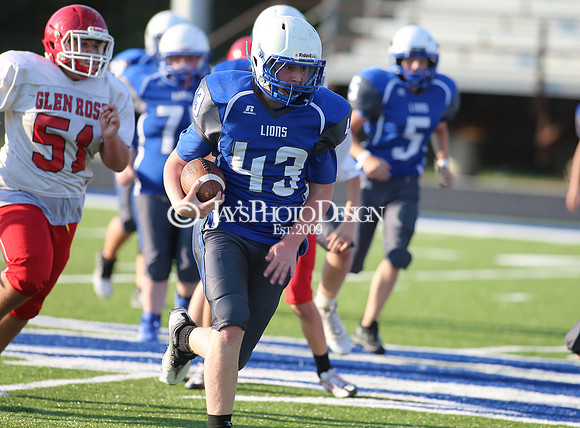 Glen Rose @ Jessieville 7th grade 9-28-23_JWM_0104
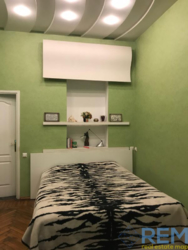 �������� �����������/������� ���� 5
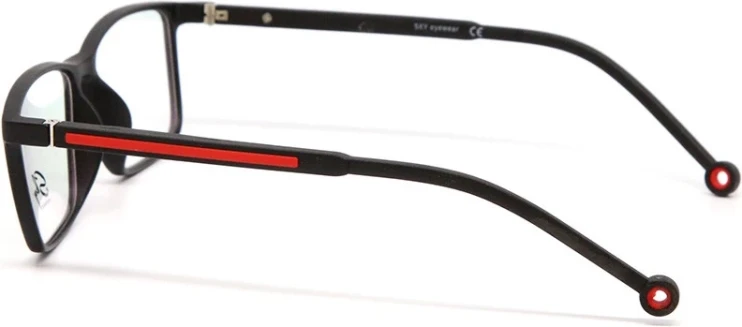 Оправа Оправа Sky SKO 0956 MBK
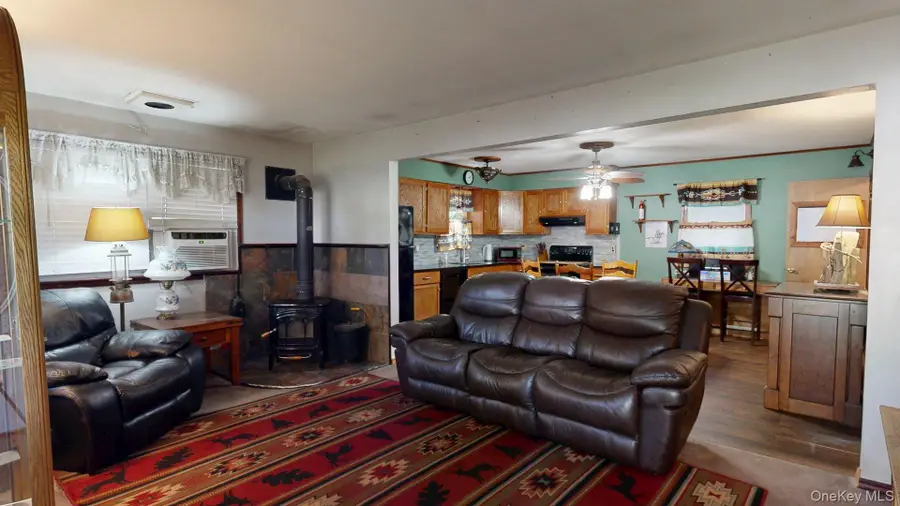 391 Starlight Drive, Shirley, NY 11967 - #3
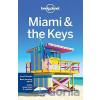 Miami and the Keys - Lonely Planet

======

Output all the records above exactly, but without their images.

▶ [ANSWER BOX]:
 Glen Rose @ Jessieville 7th grade 9-28-23_JWM_0104
 �������� �����������/������� ���� 5
 Оправа Оправа Sky SKO 0956 MBK
 391 Starlight Drive, Shirley, NY 11967 - #3
 Miami and the Keys - Lonely Planet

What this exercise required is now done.